Cambodian–Vietnamese War
The Cambodian-Vietnamese War began on the 25th of December 1978, when 150,000 Vietnamese troops crossed into Cambodia and dismantled a government in just two weeks. That government, the Khmer Rouge, had in the preceding years killed between 1.2 and 2.8 million of its own people - between 13 and 30 percent of Cambodia's entire population. The Vietnamese invasion ended those killings. Yet it also triggered a decade of occupation, a proxy war fed by Cold War rivalries, and an international diplomatic crisis that would leave Vietnam isolated from most of the world. How did two communist states that had fought side by side end up in open war? Who was pulling the strings behind them? And what did it take, after ten years of occupation and 15,000 Vietnamese soldiers killed, for Cambodia to find its way to any kind of peace?
The Khmer Rouge took its name from a term applied to members of the Communist Party of Kampuchea, a party that had its origins in a split from a Vietnamese-dominated Indochinese Communist Party. That split carried lasting resentment. In 1941, the man known as Ho Chi Minh founded the Viet Minh to fight French colonial rule, and Vietnamese communists subsequently made extensive use of Cambodian territory throughout both the First Indochina War and later the Vietnam War. The Cambodian communists were never fully equal partners. In 1954, under the Geneva Accords, the Vietnamese signed agreements on behalf of Cambodian communists without their consent - agreements that denied those Cambodians any share of power in their own country.

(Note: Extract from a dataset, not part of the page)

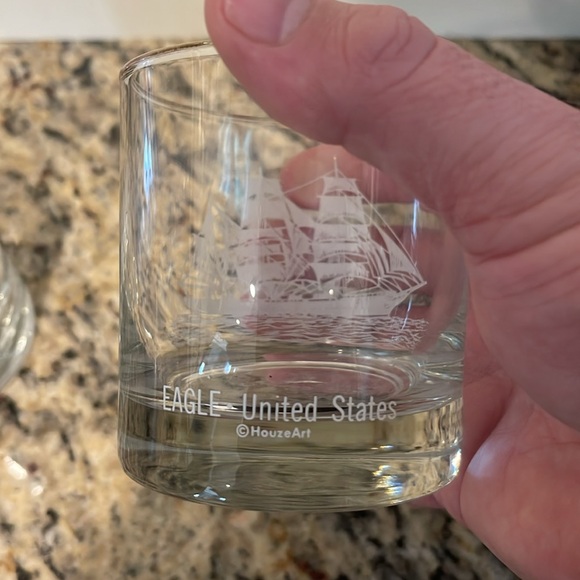 Ship Glass eagle United States Whiskey Rocks Houze Art - Picture 3 of 3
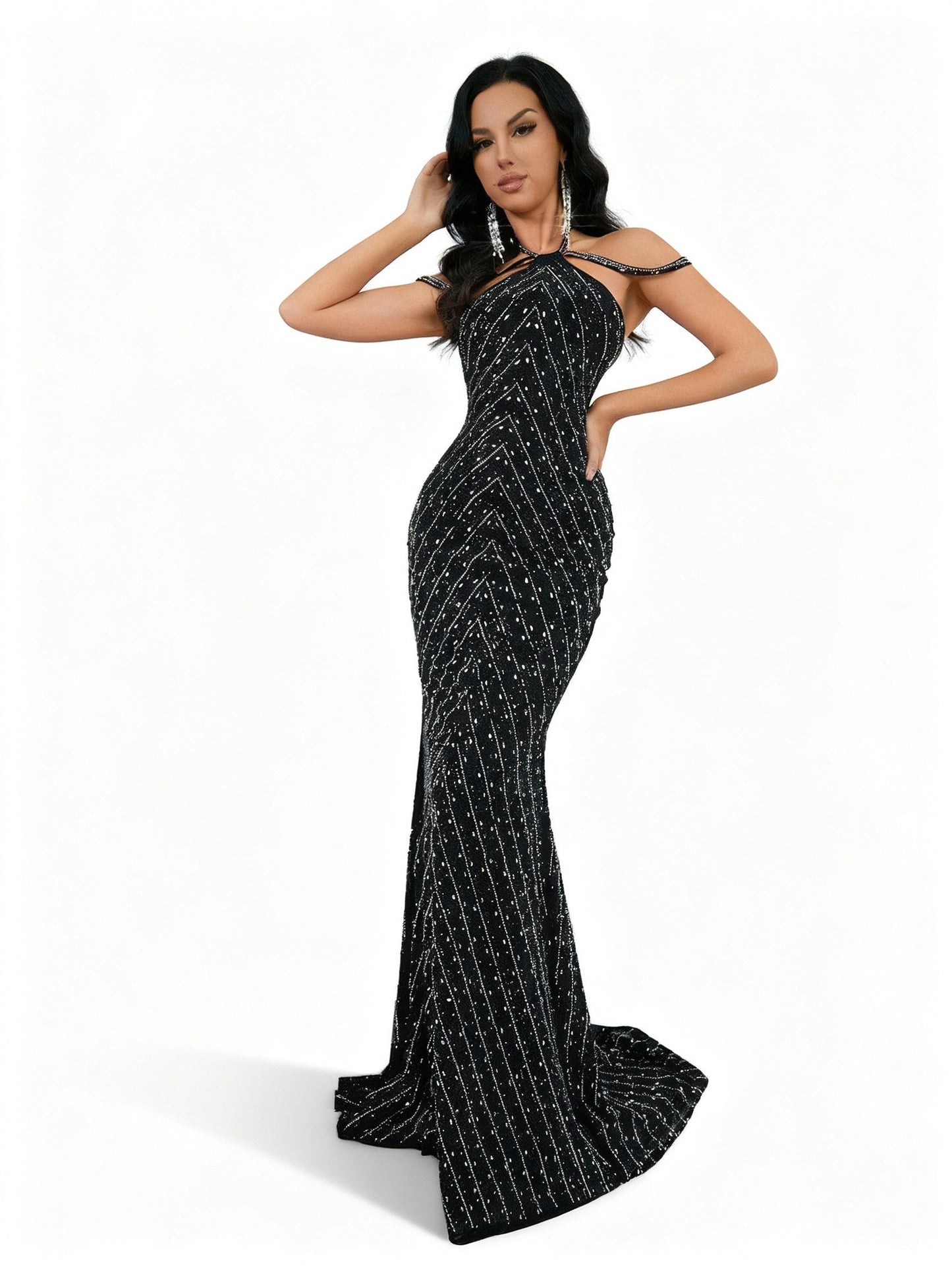 Stalluxe | Göttliches Strasskleid mit Rückenausschnitt im Meerjungfrauenstil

Pol Pot, who led the Khmer Rouge from 1963, harbored a deep fear that the Vietnamese wanted to create an Indochinese federation dominated by Hanoi. He also nursed irredentist ambitions over the Mekong Delta, which Cambodia had lost to Vietnam in previous centuries. The Khmer Rouge's ideological distance from Hanoi widened further with its embrace of a Maoist nationalism at the time of the Sino-Soviet split - a stance that put it closer to Beijing and in direct tension with a Vietnamese party aligned with Moscow.

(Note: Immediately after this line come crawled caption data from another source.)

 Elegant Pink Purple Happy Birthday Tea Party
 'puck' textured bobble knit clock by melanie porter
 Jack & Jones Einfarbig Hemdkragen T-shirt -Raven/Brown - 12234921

By 1974, clashes between Vietnamese communist forces and Khmer Rouge units had already begun even while both were fighting anti-communist governments in their own countries. The following year, Pol Pot signed a treaty of friendship with China - a signal of where his loyalties lay long before either side took power.
On the 1st of May 1975 - barely 24 hours after the fall of Saigon - the Kampuchean Revolutionary Army invaded the Vietnamese island of Phu Quoc, claiming it was historically part of Kampuchea's territory. Nine days later, on the 10th of May 1975, KRA forces captured the Tho Chu Islands, where they executed 500 Vietnamese civilians. Vietnam pushed back, recaptured the islands, and even seized the Kampuchean island of Koh Poulo Wai before returning it to Kampuchea in August 1975 as a gesture toward diplomacy.

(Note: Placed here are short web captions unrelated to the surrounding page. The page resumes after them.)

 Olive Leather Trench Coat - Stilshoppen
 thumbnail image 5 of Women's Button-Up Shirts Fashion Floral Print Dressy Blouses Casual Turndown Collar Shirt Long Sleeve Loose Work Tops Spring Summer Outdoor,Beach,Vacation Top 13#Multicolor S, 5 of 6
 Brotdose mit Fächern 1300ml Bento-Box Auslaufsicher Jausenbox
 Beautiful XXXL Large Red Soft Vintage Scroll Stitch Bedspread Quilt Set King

Throughout 1976, both governments exchanged congratulatory messages and diplomatic visits while privately plotting against each other. On Phnom Penh Radio, broadcasts proclaimed the "militant solidarity and friendship" between the two states. Behind the scenes, Pol Pot's government was purging Vietnamese-trained personnel from its own ranks and making preparations for war.
On the 30th of April 1977, the second anniversary of the fall of Saigon, Kampuchean forces attacked the Vietnamese provinces of An Giang and Chau Doc, killing hundreds of civilians. By September 1977, six divisions of the KRA had advanced roughly 10 kilometres into Tay Ninh Province, killing more than 1,000 Vietnamese civilians in Tan Bien district alone. Vietnam assembled eight divisions of an estimated 60,000 soldiers in response and crossed the border in December 1977. By the end of that month, Vietnamese formations had marched through Svay Rieng Province and stopped just short of the provincial capital. Khmer Rouge leader Khieu Samphan declared on the 31st of December 1977 that his government would sever diplomatic relations with Vietnam until Vietnamese troops left what he called the "sacred territory of Democratic Kampuchea".
When Vietnamese forces withdrew in January 1978, having failed to force negotiations, the Khmer Rouge declared a great victory. Then, in April 1978, two KRA divisions massacred over 3,000 Vietnamese civilians in the village of Ba Chuc in An Giang Province.
By the second half of 1978, Vietnam's Communist Party Politburo had concluded that the Khmer Rouge government was effectively a Chinese proxy, and that only conventional military force could remove it. On the 3rd of November 1978, Vietnam and the Soviet Union signed a Treaty of Friendship and Cooperation, which guaranteed Vietnam Soviet military aid if China intervened. The Vietnamese government then drafted 350,000 men into the military and deployed ten divisions along the border provinces of Long An, Dong Thap and Tay Ninh.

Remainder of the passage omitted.